Tractables / pyjuice

Scalable training and inference for Probabilistic Circuits
https://tractables.github.io/pyjuice/
Apache License 2.0
47 stars 8 forks source link

Triton Illegal Memory Access #17

Closed mjojic closed 1 month ago

mjojic commented 2 months ago

I am running the code from example 01_train_pc.py to learn a HCLT on MNIST dataset. The only thing I have added is a marginal query after the parameter learning. All the code functions properly until the marginal query, which throws me an error.

query: data = torch.rand((28,28)).long().to(device) lls = juice.queries.marginal(pc, data)

error: RuntimeError: Triton Error [CUDA]: an illegal memory access was encountered

The sampling query works, but marginal and conditional do not work.

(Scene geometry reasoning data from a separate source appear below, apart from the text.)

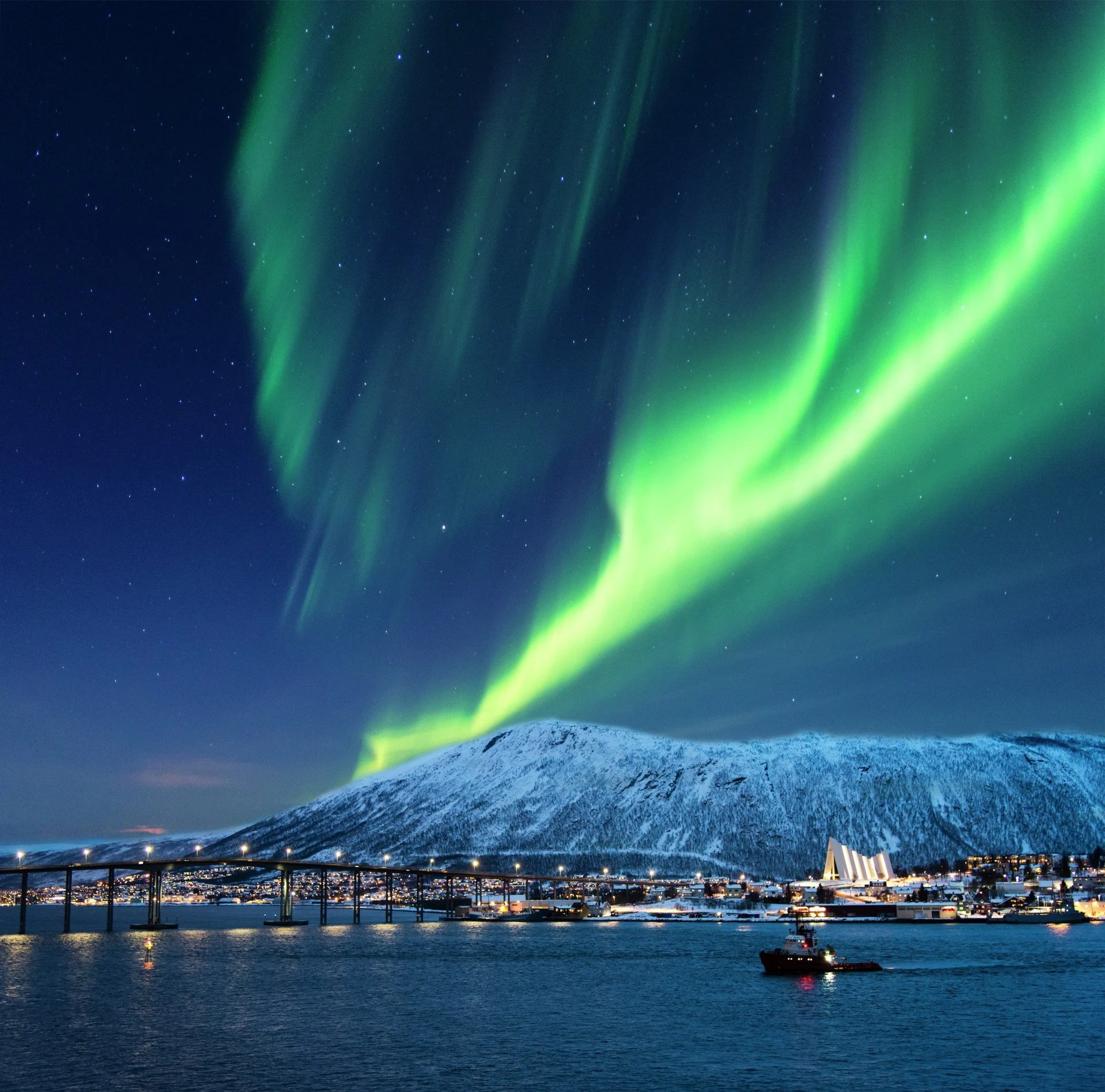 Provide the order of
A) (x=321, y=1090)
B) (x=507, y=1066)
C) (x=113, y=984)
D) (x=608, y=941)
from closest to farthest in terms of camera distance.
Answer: (x=321, y=1090) → (x=507, y=1066) → (x=113, y=984) → (x=608, y=941)

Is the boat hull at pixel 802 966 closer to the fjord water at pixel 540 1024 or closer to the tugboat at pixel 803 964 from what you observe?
the tugboat at pixel 803 964

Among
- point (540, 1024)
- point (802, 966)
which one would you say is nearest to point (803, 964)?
point (802, 966)

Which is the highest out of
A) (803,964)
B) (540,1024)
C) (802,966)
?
(540,1024)

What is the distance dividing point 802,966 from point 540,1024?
56453 mm

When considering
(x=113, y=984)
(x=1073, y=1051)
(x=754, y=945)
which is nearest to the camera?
(x=1073, y=1051)

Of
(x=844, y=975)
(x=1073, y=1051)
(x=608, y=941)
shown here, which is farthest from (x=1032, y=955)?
(x=1073, y=1051)

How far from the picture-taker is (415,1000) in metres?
95.1

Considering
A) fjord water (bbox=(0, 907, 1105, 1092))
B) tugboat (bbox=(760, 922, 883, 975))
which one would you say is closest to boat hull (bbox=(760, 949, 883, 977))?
tugboat (bbox=(760, 922, 883, 975))

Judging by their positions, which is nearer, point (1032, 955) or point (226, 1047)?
point (226, 1047)

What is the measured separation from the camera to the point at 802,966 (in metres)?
127

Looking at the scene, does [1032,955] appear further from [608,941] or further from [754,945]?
[608,941]

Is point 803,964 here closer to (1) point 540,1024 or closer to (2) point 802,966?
(2) point 802,966

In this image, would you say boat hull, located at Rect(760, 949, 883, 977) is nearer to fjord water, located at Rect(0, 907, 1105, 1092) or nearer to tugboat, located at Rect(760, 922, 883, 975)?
tugboat, located at Rect(760, 922, 883, 975)

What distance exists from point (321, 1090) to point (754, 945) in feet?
455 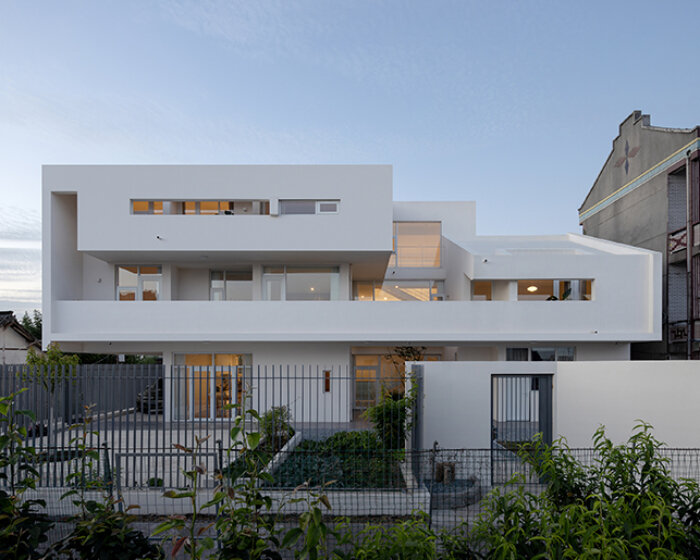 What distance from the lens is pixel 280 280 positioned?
15875mm

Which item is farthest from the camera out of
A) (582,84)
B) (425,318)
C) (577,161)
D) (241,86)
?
(577,161)

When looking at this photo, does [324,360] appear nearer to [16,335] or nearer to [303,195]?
[303,195]

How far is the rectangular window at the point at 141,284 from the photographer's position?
15.9 metres

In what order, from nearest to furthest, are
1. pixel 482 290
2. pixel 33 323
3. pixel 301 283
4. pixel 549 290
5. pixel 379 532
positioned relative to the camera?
pixel 379 532 → pixel 301 283 → pixel 549 290 → pixel 482 290 → pixel 33 323

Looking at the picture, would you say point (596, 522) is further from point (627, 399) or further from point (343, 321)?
point (343, 321)

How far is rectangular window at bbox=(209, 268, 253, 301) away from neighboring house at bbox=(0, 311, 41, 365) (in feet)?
45.5

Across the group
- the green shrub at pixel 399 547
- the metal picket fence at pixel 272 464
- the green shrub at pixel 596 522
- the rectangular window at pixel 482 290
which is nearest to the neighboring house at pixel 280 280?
the rectangular window at pixel 482 290

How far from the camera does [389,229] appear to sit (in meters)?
14.3

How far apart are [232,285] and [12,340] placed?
1594cm

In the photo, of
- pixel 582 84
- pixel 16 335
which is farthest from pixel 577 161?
pixel 16 335

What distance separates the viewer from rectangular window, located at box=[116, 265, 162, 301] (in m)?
15.9

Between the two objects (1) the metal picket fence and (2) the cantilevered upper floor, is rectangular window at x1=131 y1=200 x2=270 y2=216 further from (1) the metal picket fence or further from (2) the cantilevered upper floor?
(1) the metal picket fence

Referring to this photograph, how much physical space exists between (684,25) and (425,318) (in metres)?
13.4

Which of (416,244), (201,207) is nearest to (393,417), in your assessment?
(201,207)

liuanji commented 2 months ago

Hi mjojic,

The PC in that script assumes categorical input variables with range 0-255. So you need to change the dtype of data to torch.long. Also, its shape needs to be [batch size, # variables].

You can refer to this tutorial for more information https://tractables.github.io/pyjuice/getting-started/tutorials/04_query_pc.html#sphx-glr-getting-started-tutorials-04-query-pc-py.

Best, Anji

mjojic commented 2 months ago

Yes, the memory access ended up being a shape issue.

With the correct shape, I ran into an error about the TILE_SIZE < 4 (coming from sum_layer.py block sparse kernel). By setting block_size=1 in the HCLT definition, then I was able to do a marginal call without the tile size error.

liuanji commented 2 months ago

You may increase the batch size to e.g. 16 to avoid the TILE_SIZE error for now. I will fix it in the near future. Thanks!